### Activity
Only the lines from the one containing "SATCO/NUVO 2W T4" through the one containing "San Francisco 49ers" should be printed, exactly as they appear below, with both ends included.
#### Extracted material
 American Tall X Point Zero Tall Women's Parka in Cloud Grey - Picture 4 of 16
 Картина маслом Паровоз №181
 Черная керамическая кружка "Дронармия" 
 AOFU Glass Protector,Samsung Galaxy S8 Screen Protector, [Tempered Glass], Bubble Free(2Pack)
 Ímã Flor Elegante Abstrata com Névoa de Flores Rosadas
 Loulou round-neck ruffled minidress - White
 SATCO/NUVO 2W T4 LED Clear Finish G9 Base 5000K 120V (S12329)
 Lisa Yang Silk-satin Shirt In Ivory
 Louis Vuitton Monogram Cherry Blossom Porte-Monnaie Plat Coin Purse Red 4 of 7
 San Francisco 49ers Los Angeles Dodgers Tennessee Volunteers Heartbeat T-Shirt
########
#### Extracted material
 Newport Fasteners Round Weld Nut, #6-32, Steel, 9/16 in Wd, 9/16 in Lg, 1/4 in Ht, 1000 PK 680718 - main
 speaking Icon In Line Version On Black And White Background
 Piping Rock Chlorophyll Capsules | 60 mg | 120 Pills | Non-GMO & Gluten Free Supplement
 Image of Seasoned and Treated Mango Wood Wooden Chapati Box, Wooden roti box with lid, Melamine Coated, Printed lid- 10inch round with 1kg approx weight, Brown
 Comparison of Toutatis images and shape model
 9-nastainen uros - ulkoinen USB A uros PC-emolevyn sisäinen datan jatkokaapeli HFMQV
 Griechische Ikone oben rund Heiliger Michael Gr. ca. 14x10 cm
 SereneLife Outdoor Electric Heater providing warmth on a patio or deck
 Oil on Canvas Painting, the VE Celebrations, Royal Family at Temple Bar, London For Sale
########
#### Extracted material
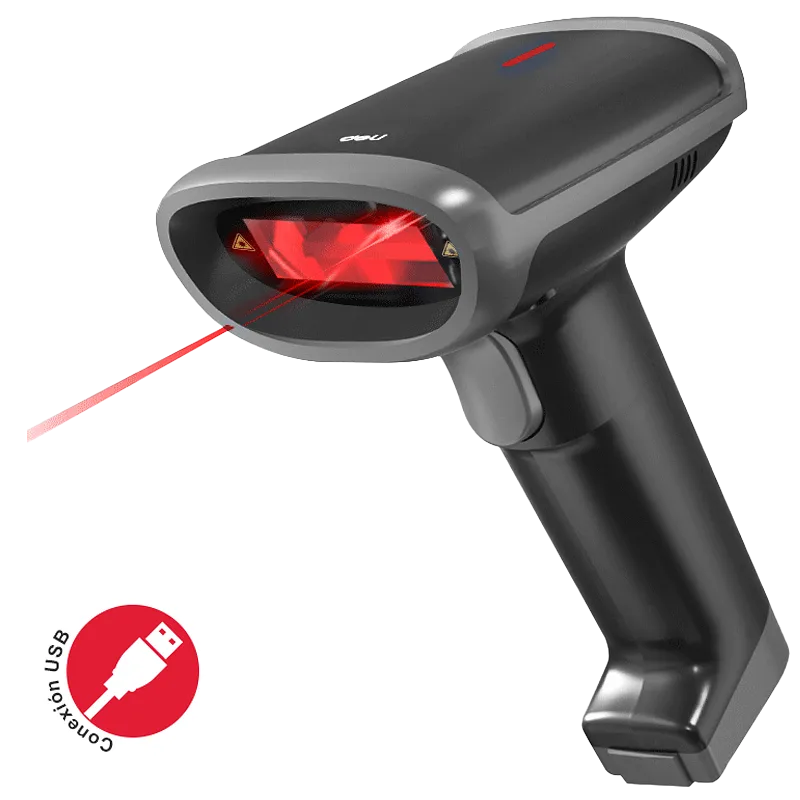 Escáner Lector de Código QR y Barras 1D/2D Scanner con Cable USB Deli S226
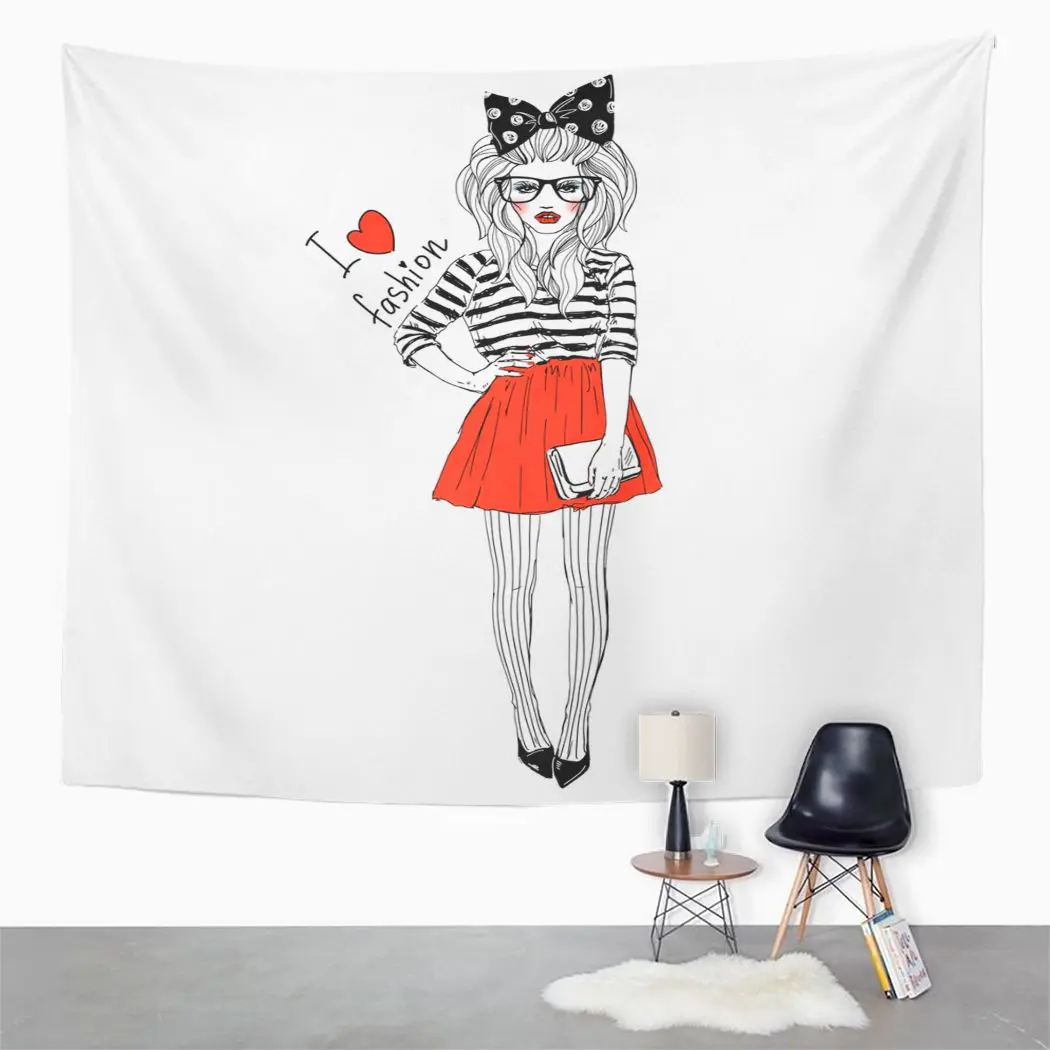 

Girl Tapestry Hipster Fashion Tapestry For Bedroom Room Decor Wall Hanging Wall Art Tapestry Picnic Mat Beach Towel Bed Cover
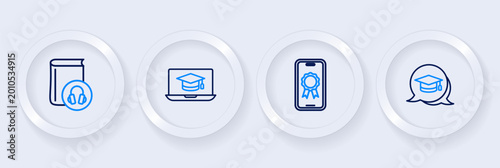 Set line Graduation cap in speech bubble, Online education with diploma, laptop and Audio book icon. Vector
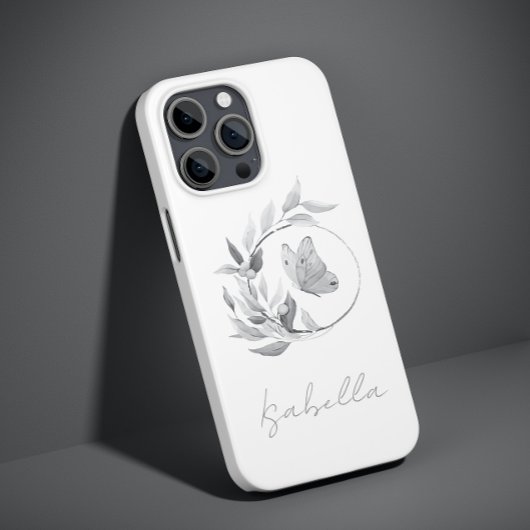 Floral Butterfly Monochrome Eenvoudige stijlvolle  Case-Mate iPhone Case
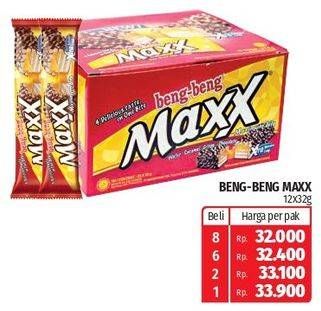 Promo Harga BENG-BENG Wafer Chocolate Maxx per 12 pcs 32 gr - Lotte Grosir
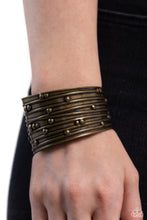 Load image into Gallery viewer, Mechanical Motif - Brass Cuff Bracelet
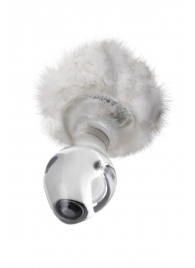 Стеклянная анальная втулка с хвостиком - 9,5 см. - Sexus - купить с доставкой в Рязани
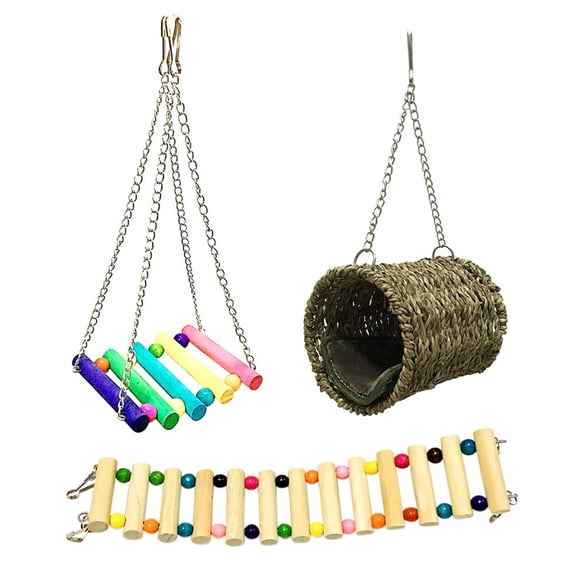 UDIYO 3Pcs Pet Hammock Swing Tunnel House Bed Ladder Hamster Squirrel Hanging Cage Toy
########
### Expected output
 SATCO/NUVO 2W T4 LED Clear Finish G9 Base 5000K 120V (S12329)
 Lisa Yang Silk-satin Shirt In Ivory
 Louis Vuitton Monogram Cherry Blossom Porte-Monnaie Plat Coin Purse Red 4 of 7
 San Francisco 49ers Los Angeles Dodgers Tennessee Volunteers Heartbeat T-Shirt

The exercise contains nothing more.